IT business applications need data. They create data and they use data. Most organizations have more data than they can effectively manage, and, when users need something, it never seems to be together or in the right format.
Over the past decade, the IT development organization has tried to bring this application data closer to business users. This trend has allowed users to have access to more timely information, and, in many cases, has removed the need to go through the IT organization for queries and reports. However, there are some fundamental architecture decisions that need to be made regarding these data stores and how they can be optimized for different purposes.
Transactional data must still be protected
Transactional data is the live data that the applications need to operate. For instance, the accounts receivable system is being updated all day by Accounts Receivable users. Inventory is being updated as orders are received and shipped. The sales system is updated as orders are received during the day.
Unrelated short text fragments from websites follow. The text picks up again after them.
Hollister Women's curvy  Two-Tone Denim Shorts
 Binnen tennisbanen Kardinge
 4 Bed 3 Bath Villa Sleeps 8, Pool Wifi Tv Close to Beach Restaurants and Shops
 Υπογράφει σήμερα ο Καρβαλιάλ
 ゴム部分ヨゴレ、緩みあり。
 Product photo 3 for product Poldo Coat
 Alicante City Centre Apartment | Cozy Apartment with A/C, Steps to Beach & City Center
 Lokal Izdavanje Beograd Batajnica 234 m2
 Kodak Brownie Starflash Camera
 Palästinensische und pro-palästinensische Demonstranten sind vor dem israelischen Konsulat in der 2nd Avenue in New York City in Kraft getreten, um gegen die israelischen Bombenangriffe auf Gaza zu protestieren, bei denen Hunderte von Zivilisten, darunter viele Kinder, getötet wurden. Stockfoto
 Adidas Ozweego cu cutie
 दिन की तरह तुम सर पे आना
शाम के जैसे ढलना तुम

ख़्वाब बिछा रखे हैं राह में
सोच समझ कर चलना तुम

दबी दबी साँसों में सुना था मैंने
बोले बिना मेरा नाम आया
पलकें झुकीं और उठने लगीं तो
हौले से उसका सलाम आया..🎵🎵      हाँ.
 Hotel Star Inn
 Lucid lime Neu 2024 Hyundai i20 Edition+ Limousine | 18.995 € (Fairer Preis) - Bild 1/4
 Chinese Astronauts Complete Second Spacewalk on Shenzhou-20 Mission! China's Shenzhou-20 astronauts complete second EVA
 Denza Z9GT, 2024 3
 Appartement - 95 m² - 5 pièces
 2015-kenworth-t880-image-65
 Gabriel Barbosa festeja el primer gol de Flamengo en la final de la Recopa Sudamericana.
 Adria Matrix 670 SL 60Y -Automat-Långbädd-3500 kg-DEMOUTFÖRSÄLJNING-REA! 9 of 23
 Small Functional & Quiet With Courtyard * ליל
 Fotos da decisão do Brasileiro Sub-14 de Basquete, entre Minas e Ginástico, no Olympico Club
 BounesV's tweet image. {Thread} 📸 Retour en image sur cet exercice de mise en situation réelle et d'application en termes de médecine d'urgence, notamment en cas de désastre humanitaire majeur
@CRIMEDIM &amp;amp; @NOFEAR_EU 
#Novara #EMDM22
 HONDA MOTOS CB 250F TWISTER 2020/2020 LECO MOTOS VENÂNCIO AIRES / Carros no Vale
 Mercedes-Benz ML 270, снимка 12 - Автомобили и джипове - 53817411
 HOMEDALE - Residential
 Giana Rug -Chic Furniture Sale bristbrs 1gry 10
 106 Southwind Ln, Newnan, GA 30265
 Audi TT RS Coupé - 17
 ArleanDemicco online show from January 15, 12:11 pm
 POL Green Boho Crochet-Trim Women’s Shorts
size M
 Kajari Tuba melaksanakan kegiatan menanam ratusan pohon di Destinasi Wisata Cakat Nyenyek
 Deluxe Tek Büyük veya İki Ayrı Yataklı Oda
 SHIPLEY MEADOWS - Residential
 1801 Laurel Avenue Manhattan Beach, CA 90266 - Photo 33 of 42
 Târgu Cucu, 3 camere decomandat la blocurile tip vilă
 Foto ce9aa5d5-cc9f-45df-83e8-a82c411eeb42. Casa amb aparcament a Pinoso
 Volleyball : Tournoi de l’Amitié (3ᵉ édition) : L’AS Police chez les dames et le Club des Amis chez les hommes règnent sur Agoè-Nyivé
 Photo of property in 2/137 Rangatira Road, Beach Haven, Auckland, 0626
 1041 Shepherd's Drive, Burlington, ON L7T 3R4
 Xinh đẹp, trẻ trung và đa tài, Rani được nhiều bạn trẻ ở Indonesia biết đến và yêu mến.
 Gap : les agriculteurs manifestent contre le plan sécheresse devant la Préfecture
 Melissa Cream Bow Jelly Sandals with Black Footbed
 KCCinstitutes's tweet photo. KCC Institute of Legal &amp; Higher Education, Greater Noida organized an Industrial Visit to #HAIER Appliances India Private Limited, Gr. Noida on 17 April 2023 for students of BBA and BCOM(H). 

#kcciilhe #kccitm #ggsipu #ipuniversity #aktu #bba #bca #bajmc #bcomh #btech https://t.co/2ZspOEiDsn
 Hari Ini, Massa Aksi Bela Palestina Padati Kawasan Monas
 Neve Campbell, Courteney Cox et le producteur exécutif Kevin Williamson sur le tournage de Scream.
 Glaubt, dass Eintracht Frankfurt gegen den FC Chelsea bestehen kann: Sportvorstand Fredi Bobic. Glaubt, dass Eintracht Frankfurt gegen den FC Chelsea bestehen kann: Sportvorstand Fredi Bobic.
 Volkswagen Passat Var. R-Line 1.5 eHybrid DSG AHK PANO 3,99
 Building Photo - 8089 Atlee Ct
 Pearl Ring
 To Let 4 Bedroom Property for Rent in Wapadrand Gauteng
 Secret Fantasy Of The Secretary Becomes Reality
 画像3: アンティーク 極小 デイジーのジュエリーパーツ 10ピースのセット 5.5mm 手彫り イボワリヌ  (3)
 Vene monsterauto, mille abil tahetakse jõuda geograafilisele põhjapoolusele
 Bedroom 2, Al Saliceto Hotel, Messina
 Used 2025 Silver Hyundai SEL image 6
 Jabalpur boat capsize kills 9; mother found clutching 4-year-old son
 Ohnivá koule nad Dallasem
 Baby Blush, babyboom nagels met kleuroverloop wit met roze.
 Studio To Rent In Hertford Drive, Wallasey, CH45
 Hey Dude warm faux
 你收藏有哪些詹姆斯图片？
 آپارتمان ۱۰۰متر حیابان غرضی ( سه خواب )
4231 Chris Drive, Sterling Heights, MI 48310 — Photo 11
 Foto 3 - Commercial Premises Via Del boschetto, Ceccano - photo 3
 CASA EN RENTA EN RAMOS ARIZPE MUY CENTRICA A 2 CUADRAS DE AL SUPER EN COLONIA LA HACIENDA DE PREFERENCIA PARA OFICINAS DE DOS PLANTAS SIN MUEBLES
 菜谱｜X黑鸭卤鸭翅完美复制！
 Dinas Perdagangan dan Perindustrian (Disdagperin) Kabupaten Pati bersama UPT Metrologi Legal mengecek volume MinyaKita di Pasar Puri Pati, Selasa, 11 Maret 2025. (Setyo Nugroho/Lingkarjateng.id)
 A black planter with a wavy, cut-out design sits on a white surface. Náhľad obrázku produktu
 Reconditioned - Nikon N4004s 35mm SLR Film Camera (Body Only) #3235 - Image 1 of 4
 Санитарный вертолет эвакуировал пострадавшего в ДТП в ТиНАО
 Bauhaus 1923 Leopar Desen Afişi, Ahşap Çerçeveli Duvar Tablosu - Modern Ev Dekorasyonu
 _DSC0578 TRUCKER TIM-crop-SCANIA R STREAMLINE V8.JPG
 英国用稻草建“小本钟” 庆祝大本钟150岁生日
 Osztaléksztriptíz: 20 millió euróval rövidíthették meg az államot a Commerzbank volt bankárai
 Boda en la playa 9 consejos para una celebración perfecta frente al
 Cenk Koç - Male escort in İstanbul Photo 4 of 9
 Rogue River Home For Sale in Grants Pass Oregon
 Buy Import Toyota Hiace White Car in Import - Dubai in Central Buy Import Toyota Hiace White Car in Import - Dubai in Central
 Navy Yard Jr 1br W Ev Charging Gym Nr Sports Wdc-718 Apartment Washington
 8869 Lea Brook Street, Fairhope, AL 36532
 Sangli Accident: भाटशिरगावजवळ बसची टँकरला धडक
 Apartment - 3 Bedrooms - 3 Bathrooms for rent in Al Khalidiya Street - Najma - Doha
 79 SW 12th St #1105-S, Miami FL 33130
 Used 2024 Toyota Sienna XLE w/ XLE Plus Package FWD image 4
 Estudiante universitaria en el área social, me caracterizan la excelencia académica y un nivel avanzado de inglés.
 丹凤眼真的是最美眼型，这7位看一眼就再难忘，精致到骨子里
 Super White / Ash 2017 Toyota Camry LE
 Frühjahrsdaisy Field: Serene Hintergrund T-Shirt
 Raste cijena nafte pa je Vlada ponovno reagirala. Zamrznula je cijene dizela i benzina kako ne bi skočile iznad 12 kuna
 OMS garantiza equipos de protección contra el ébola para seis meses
All of the data that these production applications need to run is referred to as transactional data.
In the push to bring data closer to the users, the IT organization must still be protective of this data. Allowing business users broader access to the data cannot compromise the integrity of the information or negatively impact the production applications. The following case study shows a way to bring this live production date closer to your business clients. This solution allows most users "near-time" access to the data while still allowing direct "real-time" access to the small group that needs it.
A case study
In a previous company where I worked, we had a desire to make all of our business application data available to the business users. This included financial data, customer data, license revenue, education offerings, etc. We had reporting tools available for the end users so that they could write their own queries and reports. All of the data was currently available and used in the transactional systems, some of which ran online during the day and some of which ran only at night. The question was how best to provide access to this data to users.
One alternative was to allow the users to access the data directly from the production applications. This was rejected for two reasons. First, the transactional data was stored in a manner that was optimized for the computer application. This was not the most intuitive way for business users to access the information. One of our applications, for instance, seemed, from the outside, to store data in two or three database tables. However, on closer inspection, the data was actually broken down into dozens and dozens of tables, all connected by a set of primary keys and foreign keys. This database structure probably made perfect sense for the application. However, if we would have turned the users loose on these tables, there's no way they could have understood the data and the relationships in the tables. If they could have written reports that accessed the data, there's no telling whether they would have received the reporting results they expected.
The second reason that the transactional data was not used was because of contention issues. The business users were located all over the United States. We didn't want these users trying to access the transactional data while the production systems were running live. Reporting can be very resource intensive, especially when accessing multiple databases. We felt that we were at risk of having the production processes slow down noticeably if users were cranking out reports from the same databases. This would not have been acceptable when people were utilizing the applications to get their jobs done.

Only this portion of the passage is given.